DETAILED DESCRIPTION OF PREFERRED EMBODIMENTS
[0025] FIG. 1 is an illustration of a system 10 for generating
closed captions in accordance with one embodiment of the invention.
As shown in FIG. 1, the system 10 generally includes a speech
recognition engine 12, a processing engine 14 and one or more
context-based models 16. The speech recognition engine 12 receives
an audio signal 18 and generates text transcripts 22 corresponding
to one or more speech segments from the audio signal 18. The audio
signal may include a signal conveying speech from a news broadcast,
a live or recorded coverage of a meeting or an assembly, or from
scheduled (live or recorded) network or cable entertainment. In
certain embodiments, the speech recognition engine 12 may further
include a speaker segmentation module 24, a speech recognition
module 26 and a speaker-clustering module 28. The speaker
segmentation module 24 converts the incoming audio signal 18 into
speech and non-speech segments. The speech recognition module 26
analyzes the speech in the speech segments and identifies the words
spoken. The speaker-clustering module 28 analyzes the acoustic
features of each speech segment to identify different voices, such
as, male and female voices, and labels the segments in an
appropriate fashion.
[0026] The context-based models 16 are configured to identify an
appropriate context 17 associated with the text transcripts 22
generated by the speech recognition engine 12. In a particular
embodiment, and as will be described in greater detail below, the
context-based models 16 include one or more topic-specific
databases to identify an appropriate context 17 associated with the
text transcripts. In a particular embodiment, a voice
identification engine 30 may be coupled to the context-based models
16 to identify an appropriate context of speech and facilitate
selection of text for output as captioning. As used herein, the
"context" refers to the speaker as well as the topic being
discussed. Knowing who is speaking may help determine the set of
possible topics (e.g., if the weather anchor is speaking, topics
will be most likely limited to weather forecasts, storms, etc.). In
addition to identifying speakers, the voice identification engine
30 may also be augmented with non-speech models to help identify
sounds from the environment or setting (explosion, music, etc.).

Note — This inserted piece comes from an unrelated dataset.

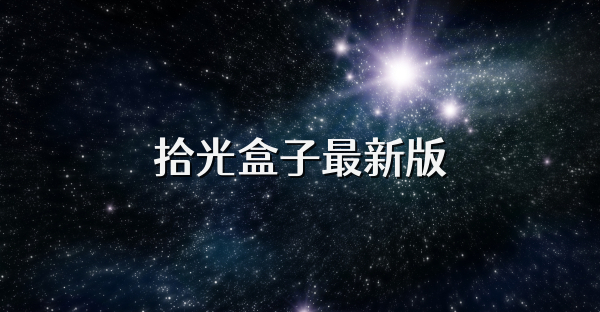 拾光盒子最新版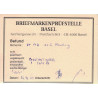 LEVANT ALLEMAND - CONSTANTINOPEL - DEUTSCHE POST - LE 16-4-1887 - ENTIER POSTAL ALLEMAND - PLUS RARE.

This information can also be utilized to help identify topics. For
example, if an explosion sound is identified, then the topic may be
associated with war or crime.
[0027] The voice identification engine 30 may further analyze the
acoustic feature of each speech segment and identify the specific
speaker associated with that segment by comparing the acoustic
feature to one or more voice identification models 31 corresponding
to a set of possible speakers and determining the closest match
based upon the comparison. The voice identification models may be
trained offline and loaded by the voice identification engine 30
for real-time speaker identification. For purposes of accuracy, a
smoothing/filtering step may be performed before presenting the
identified speakers to avoid instability (generally caused due to
unrealistic high frequency of changing speakers) in the system.

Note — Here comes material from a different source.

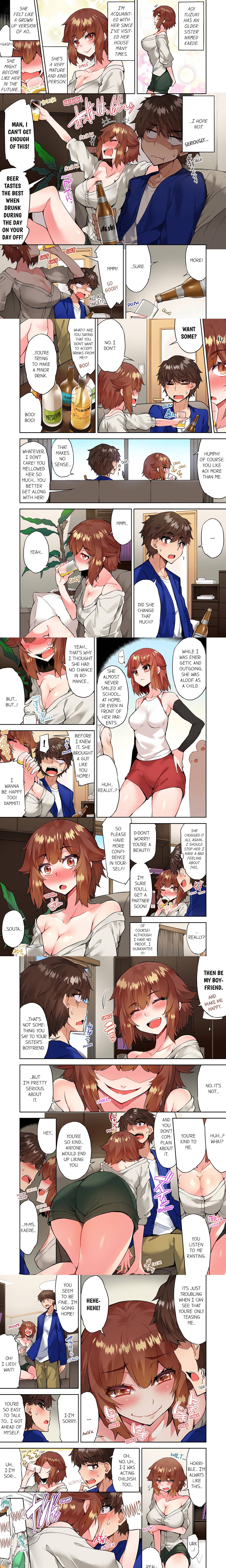 Traditional Job of Washing Girl’s Body (Uncensored) Chapter 116 - Page 1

[0028] The processing engine 14 processes the text transcripts 22
generated by the speech recognition engine 12. The processing
engine 14 includes a natural language module 15 to analyze the text
transcripts 22 from the speech recognition engine 12 for word error
correction, named-entity extraction, and output formatting on the
text transcripts 22. Word error correction involves use of a
statistical model (employed with the language model) built off line
using correct reference transcripts, and updates thereof, from
prior broadcasts. A word error correction of the text transcripts
may include determining a word error rate corresponding to the text
transcripts. The word error rate is defined as a measure of the
difference between the transcript generated by the speech
recognizer and the correct reference transcript. In some
embodiments, the word error rate is determined by calculating the
minimum edit distance in words between the recognized and the
correct strings. Named entity extraction processes the text
transcripts 22 for names, companies, and places in the text
transcripts 22. The names and entities extracted may be used to
associate metadata with the text transcripts 22, which can
subsequently be used during indexing and retrieval. Output
formatting of the text transcripts 22 may include, but is not
limited to, capitalization, punctuation, word replacements,
insertions and deletions, and insertions of speaker names.

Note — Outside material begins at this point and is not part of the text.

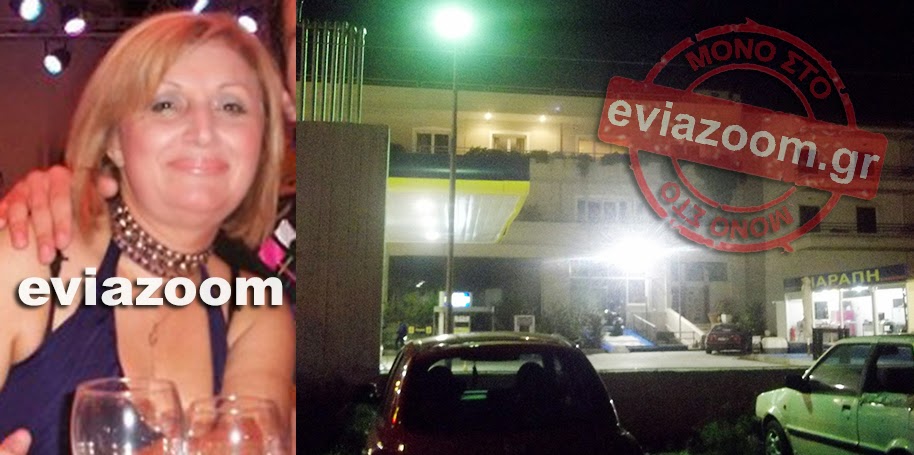 ΦΩΤΟ από eviazoom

[0029] FIG. 2 illustrates a system for identifying an appropriate
context associated with text transcripts, using context-based
models and topic-specific databases in accordance with one
embodiment of the invention. As shown in FIG. 2, the system 32
includes a topic-specific database 34. The topic-specific database
34 may include a text corpus, comprising a large collection of text
documents. The system 32 further includes a topic detection module
36 and a topic tracking module 38. The topic detection module 36
identifies a topic or a set of topics included within the text
transcripts 22. The topic tracking module 38 identifies particular
text-transcripts 22 that have the same topic(s) and categorizes
stories on the same topic into one or more topical bins 40.
[0030] Referring to FIG. 1, the context 17 associated with the text
transcripts 22 identified by the context based models 16 is further
used by the processing engine 16 to identify incorrectly recognized
words and identify corrections in the text transcripts, which may
include the use of natural language techniques. In a particular
example, if the text transcripts 22 include a phrase, "she spotted
a sale from far away" and the topic detection module 16 identifies
the topic as a "beach" then the context based models 16 will
correct the phrase to "she spotted a sail from far away".
[0031] In some embodiments, the context-based models 16 analyze the
text transcripts 22 based on a topic specific word probability
count in the text transcripts. As used herein, the "topic specific
word probability count" refers to the likelihood of occurrence of
specific words in a particular topic wherein higher probabilities
are assigned to particular words associated with a topic than with
other words. For example, as will be appreciated by those skilled
in the art, words like "stock price" and "DOW industrials" are
generally common in a report on the stock market but not as common
during a report on the Asian tsunami of December 2004, where words
like "casualties," and "earthquake" are more likely to occur.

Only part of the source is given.